---------- SUPPLIED MATERIAL ----------

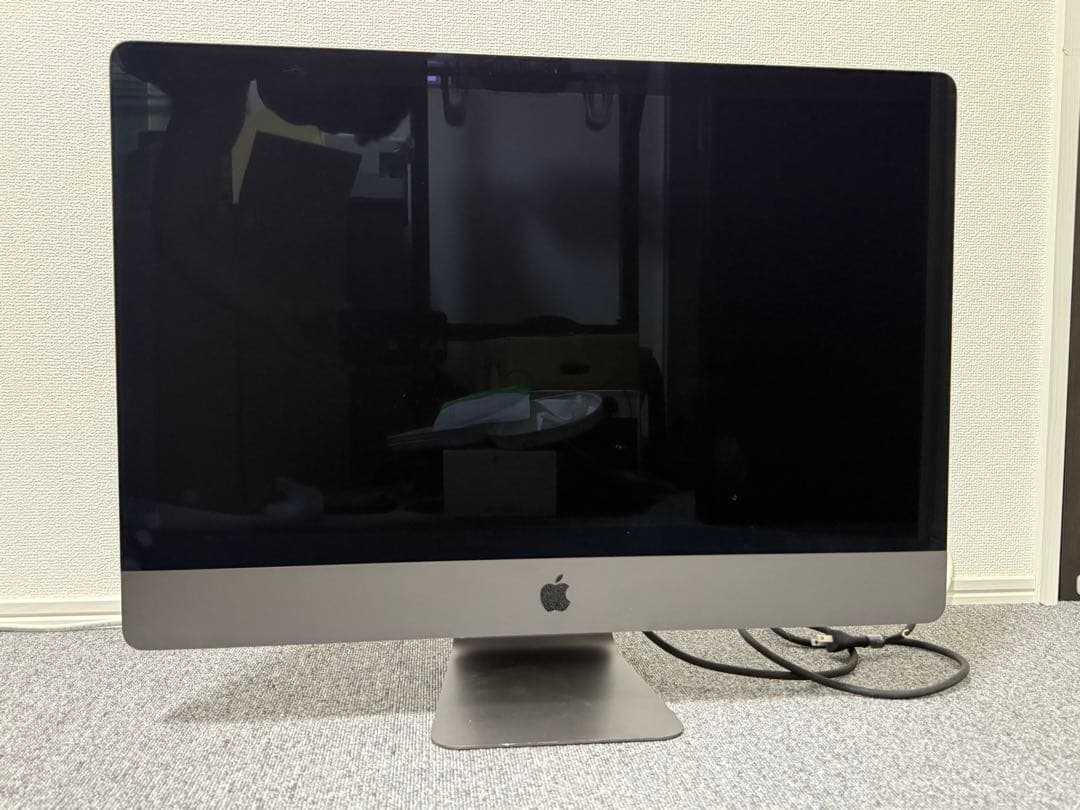 Macデスクトップ iMac Pro 2017 Intel Xeon 3.2GHz 32GB 1TB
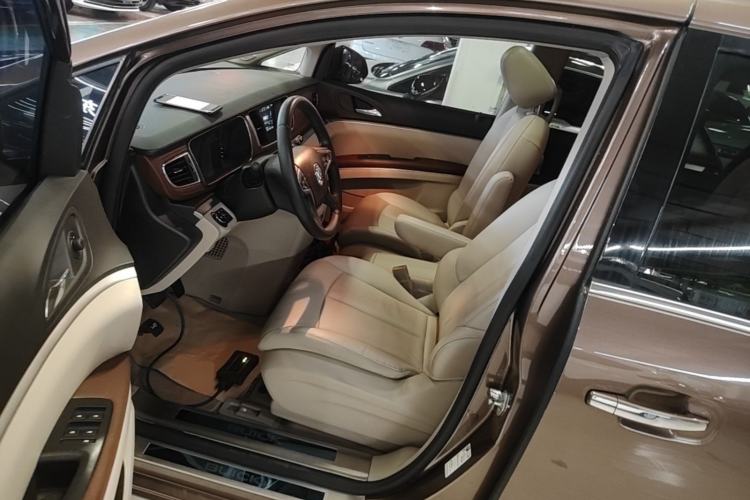 Used Buick GL8 2018 28T Luxury Model China VI Standard Left Front Seat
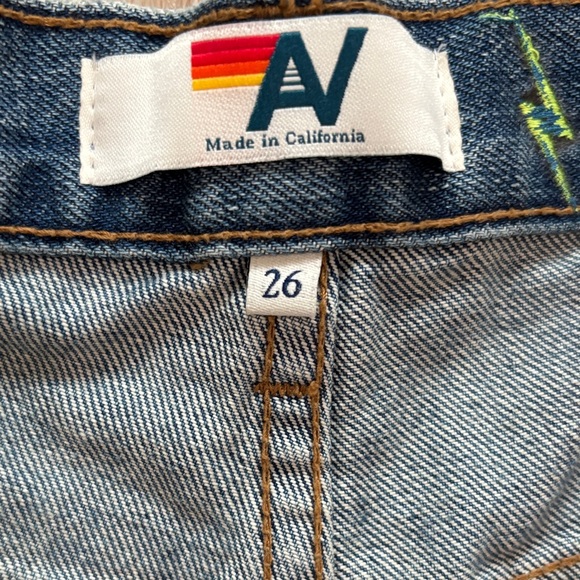 HI RISE ROCKER LIVE FREE BOLT JEAN SHORTS - VINTAGE - Picture 3 of 17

----------

● **AIM OF THE TASK**
Return the listing above in full and exactly, omitting all pictures.

● **SOLUTION TO THIS TASK**
 Macデスクトップ iMac Pro 2017 Intel Xeon 3.2GHz 32GB 1TB
 Used Buick GL8 2018 28T Luxury Model China VI Standard Left Front Seat
 HI RISE ROCKER LIVE FREE BOLT JEAN SHORTS - VINTAGE - Picture 3 of 17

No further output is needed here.